Leetcode#532. K-diff Pairs in an Array(k差异对）

题目

Given an array of integers and an integer k, you need to find the number of unique k-diff pairs in the array. Here a k-diff pair is defined as an integer pair (i, j), where i and j are both numbers in the array and their absolute difference is k.

Example 1:

Input: [3, 1, 4, 1, 5], k = 2
Output: 2
Explanation: There are two 2-diff pairs in the array, (1, 3) and (3, 5).
Although we have two 1s in the input, we should only return the number of unique pairs.

Example 2:

Input:[1, 2, 3, 4, 5], k = 1
Output: 4
Explanation: There are four 1-diff pairs in the array, (1, 2), (2, 3), (3, 4) and (4, 5).

Example 3:

Input: [1, 3, 1, 5, 4], k = 0
Output: 1
Explanation: There is one 0-diff pair in the array, (1, 1).

Note:

1. The pairs (i, j) and (j, i) count as the same pair.
2. The length of the array won't exceed 10,000.
3. All the integers in the given input belong to the range: [-1e7, 1e7].

题意

给你一个数组，找出相差为k的不重复的数对，输入满足条件的数对的个数。

题解

只需判断当前数+k是否存在数组中，如果存在数组中则能构成一对数对。需要考虑去重差异对。

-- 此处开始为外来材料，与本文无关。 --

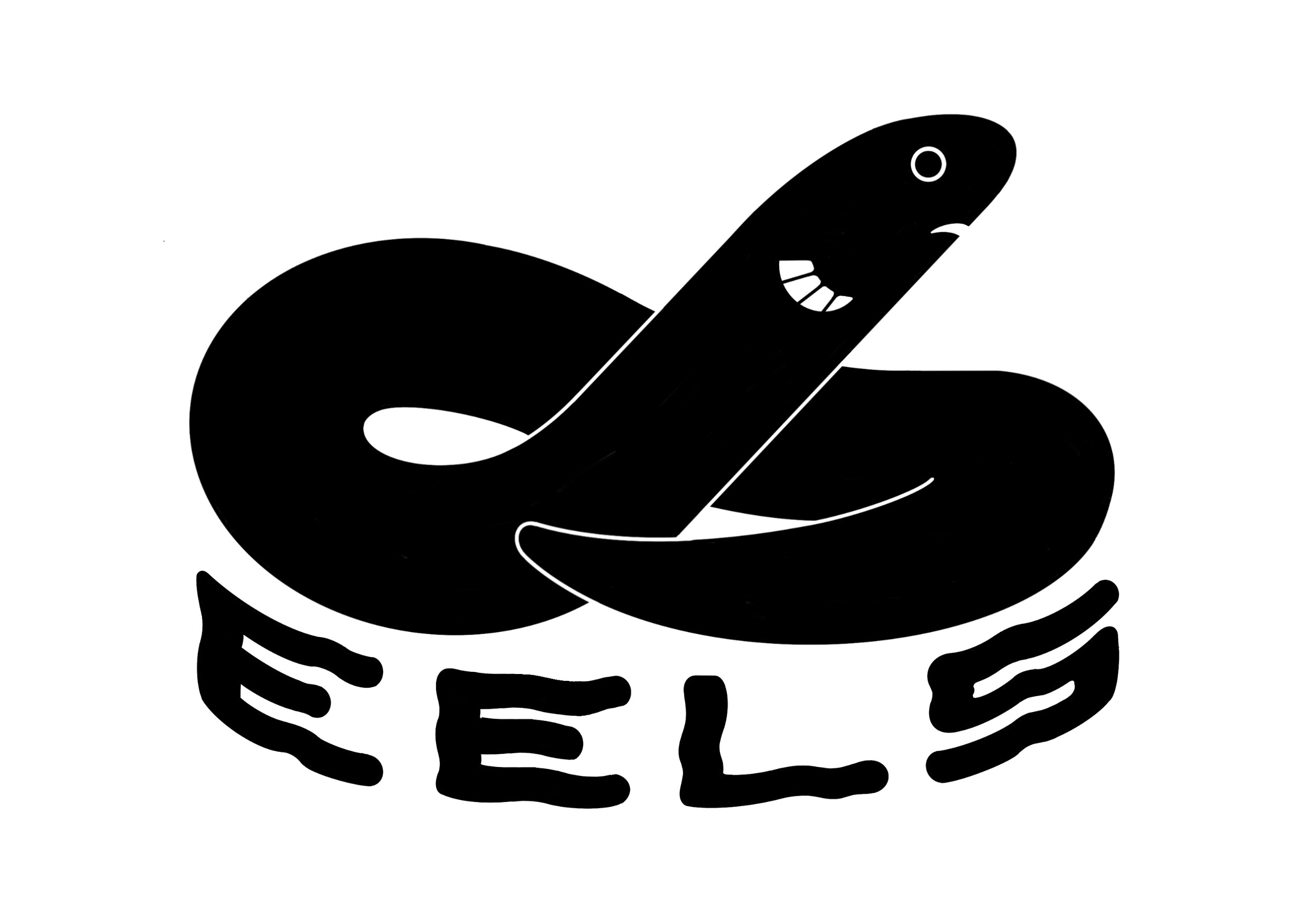 Eels Radio Station Logo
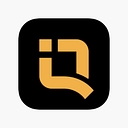 QuoteIQ logo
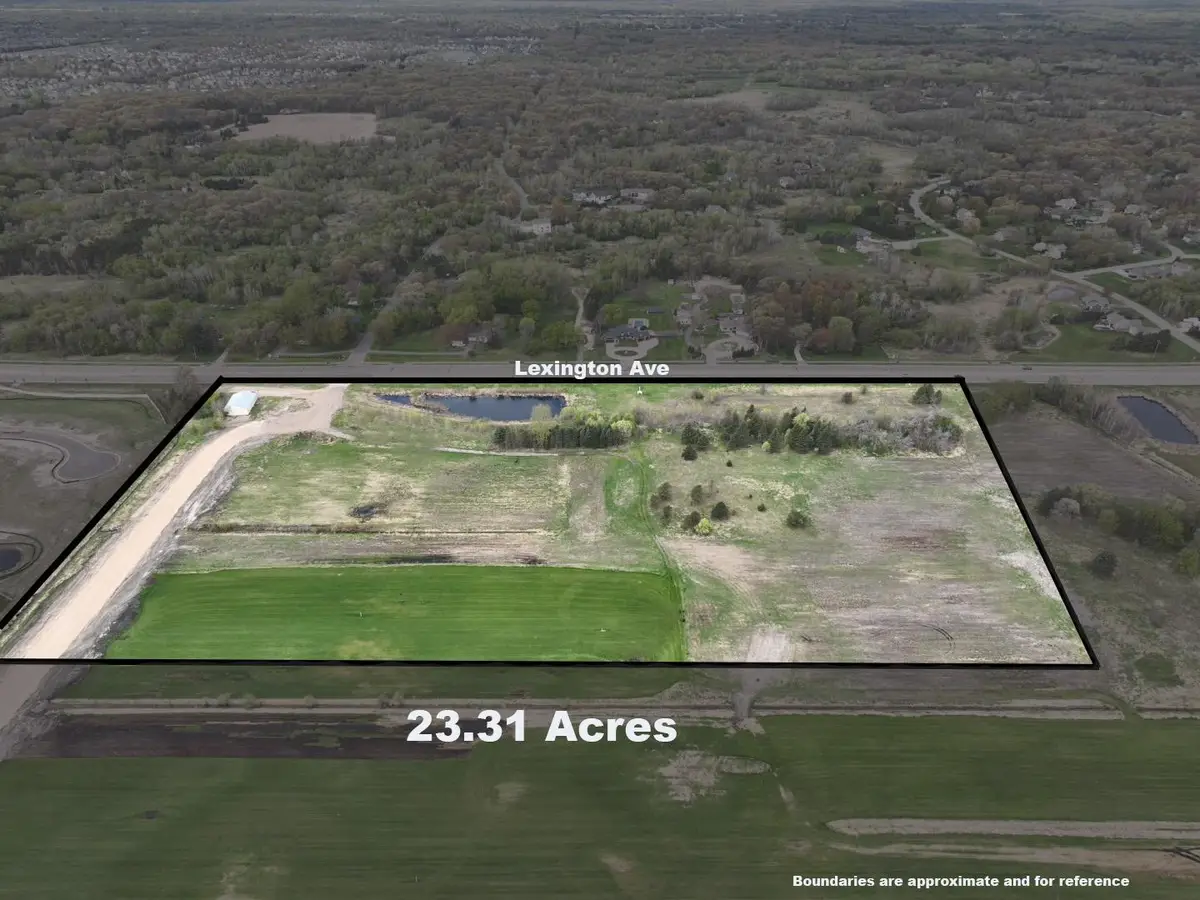 0000 Lexington Avenue, Ham Lake, MN 55304 - #1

构建映射：数值 —>个数（C++使用map, python使用字典）

C++代码

class Solution {
public:
int findPairs(vector<int>& nums, int k) {

int sum = 0;
map<int,int>m;
if(k<0){ //差值为负数
return 0;
}
for(int i=0; i<nums.size(); i++){//构建数值-个数的映射关系
m[nums[i]]++;
}
map<int,int>::iterator it;

for(it=m.begin(); it!=m.end(); it++){//遍历map容器中的值，分两种情况讨论
if(k==0){//k==0且个数大于1的可以构成一个数对
if(it->second>1){
sum++;
}
}
else//k!=0,是如果当前值+k存在map中则可以构成一个数对
{
if(m.find(it->first + k) != m.end()){
sum++;
}
}

}
return sum;
}
};

python代码

class Solution(object):
def findPairs(self, nums, k):
"""
:type nums: List[int]
:type k: int
:rtype: int
"""
sum = 0
m = {}
if k<0:
return 0
for i in range(0, len(nums)):#初始化
m[nums[i]] = 0
for i in range(0, len(nums)):
m[nums[i]] = m[nums[i]] + 1
for key in m:
if k==0:
if m[key] > 1:
sum = sum + 1
else:
if m.has_key(key + k):
sum = sum + 1
return sum